Start of Block

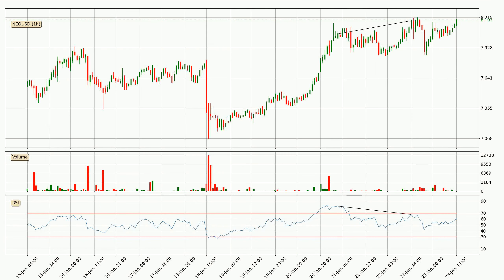Looking for divergence in the hourly time frame, owing to the bearish divergence, the price has already gone down.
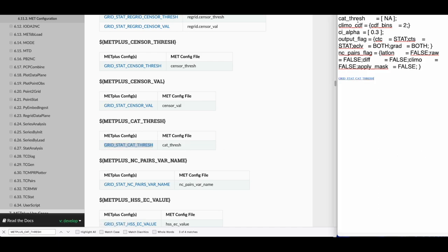Catthresh is a list variable. The square brackets and semicolon found in the MET config are not required in the METPLUS config value, so I can set the value to NA.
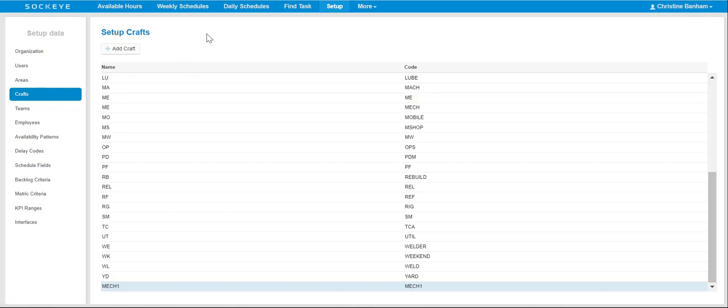From here, a Setup Crafts section of the screen will appear. Click on the Name or Code field to put them in numerical or alphabetical order.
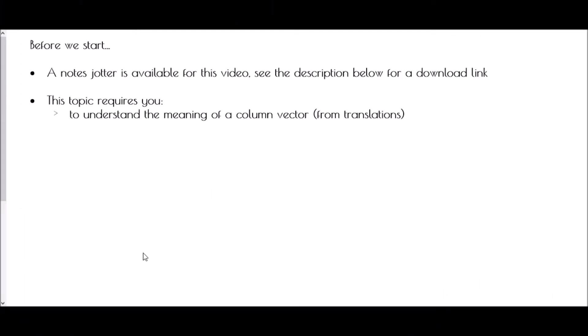Hi and welcome to Vector Notation. Just a reminder that there is a note sheet available for this video — just check the description below for the download link, and you can work along with me as we go through the video.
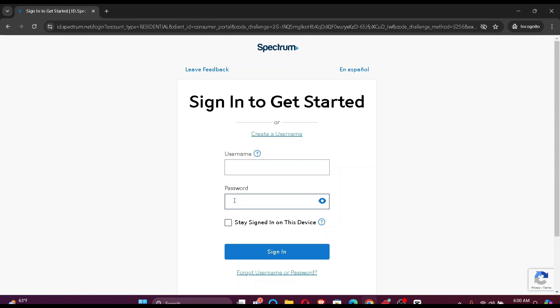In case you forget your username or password, you can click here. If not, then just sign in.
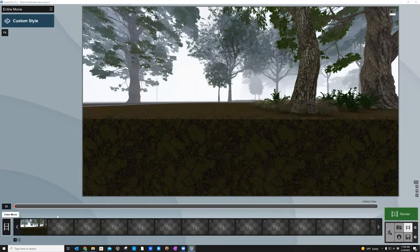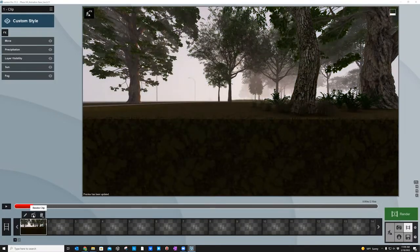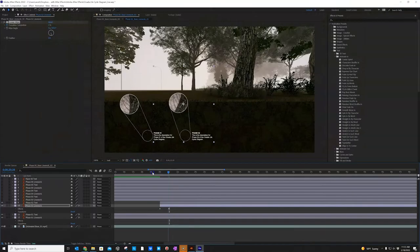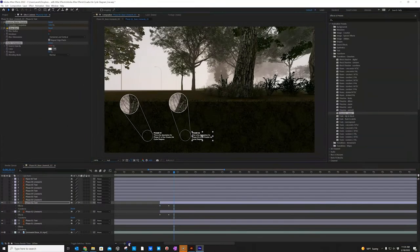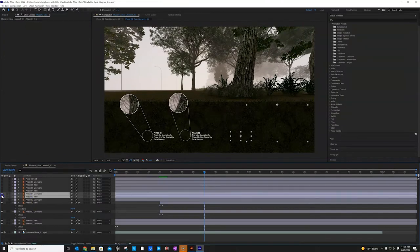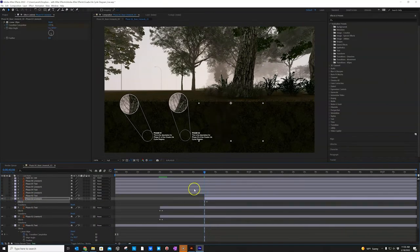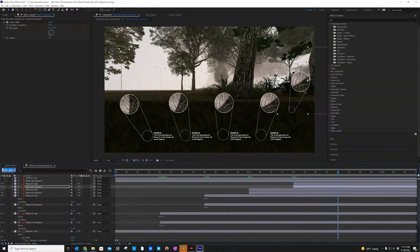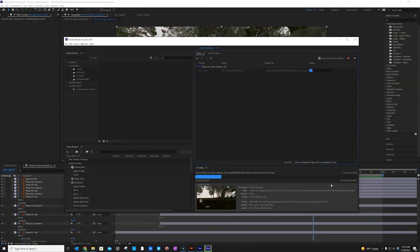We'll start by exporting a rendered base movie file from Lumion and then bring that into Adobe After Effects. We'll also import your Adobe Illustrator files into Adobe After Effects and add keyframes to animate all of that content. When you're finished you'll export a 135 second MP4 file that will later be brought into Adobe Premiere Pro. Thank you and enjoy the tutorial.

End of Block

■ Work item: The output must start at the line holding "Hi and welcome", end at the last line of the listing above, and show each line exactly; please omit all pictures.

■ Exercise output:
Hi and welcome to Vector Notation. Just a reminder that there is a note sheet available for this video — just check the description below for the download link, and you can work along with me as we go through the video.
In case you forget your username or password, you can click here. If not, then just sign in.
We'll start by exporting a rendered base movie file from Lumion and then bring that into Adobe After Effects. We'll also import your Adobe Illustrator files into Adobe After Effects and add keyframes to animate all of that content. When you're finished you'll export a 135 second MP4 file that will later be brought into Adobe Premiere Pro. Thank you and enjoy the tutorial.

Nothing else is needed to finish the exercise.